At the time I was a newly minted organizer in Uptown, which was home to a predominantly Appalachian white community with pockets of Black and Native American residents.

While we had begun to work together with some South Side groups on issues of welfare, the Vivian-led Coordinating Council allowed us to see the connections among us. By the summer of 1966, Southern white women were marching with the South Side’s Arthur Brazier, Leon Finney and Bob Lucas, not only for welfare fights but through Marquette Park and into Cicero for open housing. They stood with Obed Lopez and the Puerto Rican community, calling for an end to the slums, and with Arturo Velasquez in the first stages of the emergence of Mexican organization in Pilsen.

The Coordinating Council ended in 1968, and Vivian left the city in 1972, but the effort was the first true “rainbow coalition.” However, it is not nostalgia nor a love of history that compel me to write about Vivian. Rather it is the enduring legacy of his life.

U.S. President Barack Obama awards the Presidential Medal of Freedom to civil rights leader Rev. Cordy Tindell 'C.T.' Vivian in the East Room at the White House on Nov. 20, 2013, in Washington, D.C.

Olivier Douliery / McClatchy-Tribune

Also having left Chicago, I returned and jumped back into city politics as a media consultant to Harold Washington’s 1983 mayoral campaign. When I attended my first meeting I found myself surrounded by virtually all of those I had known between 1965 and 1969 plus some new folks; they were part of the Council’s Progressive Chicago Area Network, or PROCAN. It was this group that initially formed the core of the campaign that brought Harold Washington to office — Black leadership, with Raby and Berry still at the helm, along with former Students for a Democratic Society and civil rights activists as well as new voices such as Renault Robinson, Danny Davis, Conrad Worrill, Chuy Garcia, Luis Guttierez, Helen Shiller.

Harold Washington died in 1987, but the ties among all of us who worked with him were not frayed despite divergent lives and issues. So it was natural that years later, in the face of President George W. Bush’s march to war with Iraq, I was urged to organize a resistance effort.
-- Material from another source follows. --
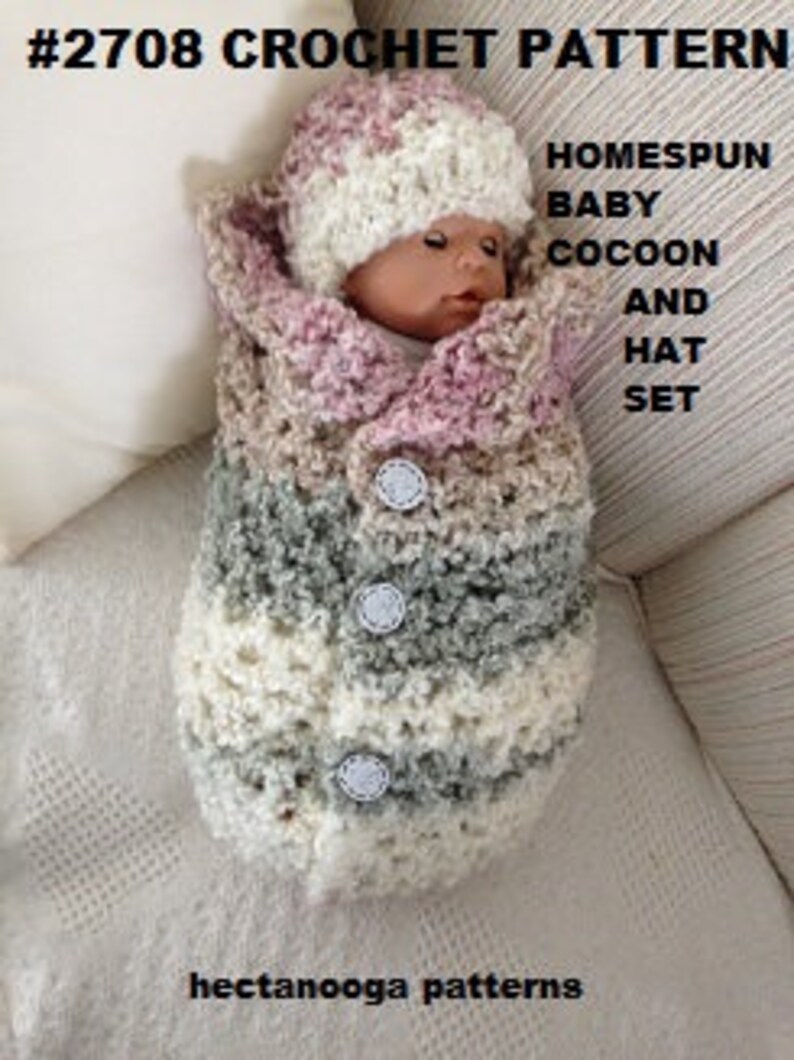 May include: A crocheted baby cocoon and hat set in pink, beige, and grey. The cocoon has buttons down the front and the hat has a pompom on top.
The first people I called together (this time by email) were those whose lives had been joined by C.T. Vivian.

[In October 2002, as the Tribune reported, a crowd of about 1,000 people gathered in Federal Plaza, where they heard civil rights icon, the Rev. Jesse Jackson, speak and also heard the more nuanced words of a young, still unknown state senator, Barack Obama.
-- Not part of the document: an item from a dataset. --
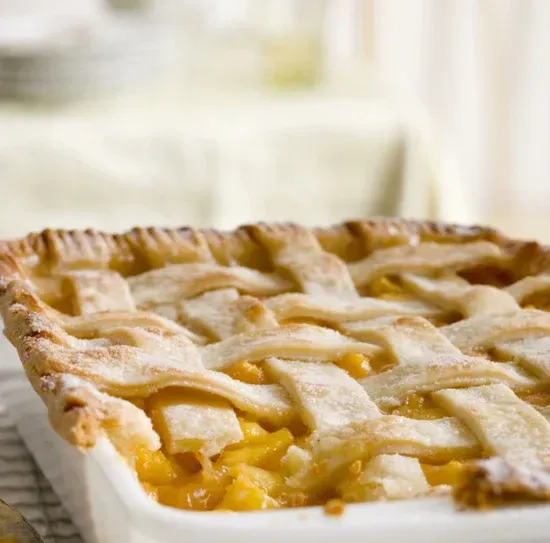 a close up of a peach pie in a white pan on a table .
And when Obama declared he would run for the U.S. Senate in 2004, this is the group that formed the first core of believers and boosters.

Moments matter, leaders matter. Movements create leaders as much as leaders create movements — and both pass. But what never fades are the relationships that bridge time and space, give us strength and propel us forward.

[Marilyn Katz is an activist, writer and president of MK Communications.]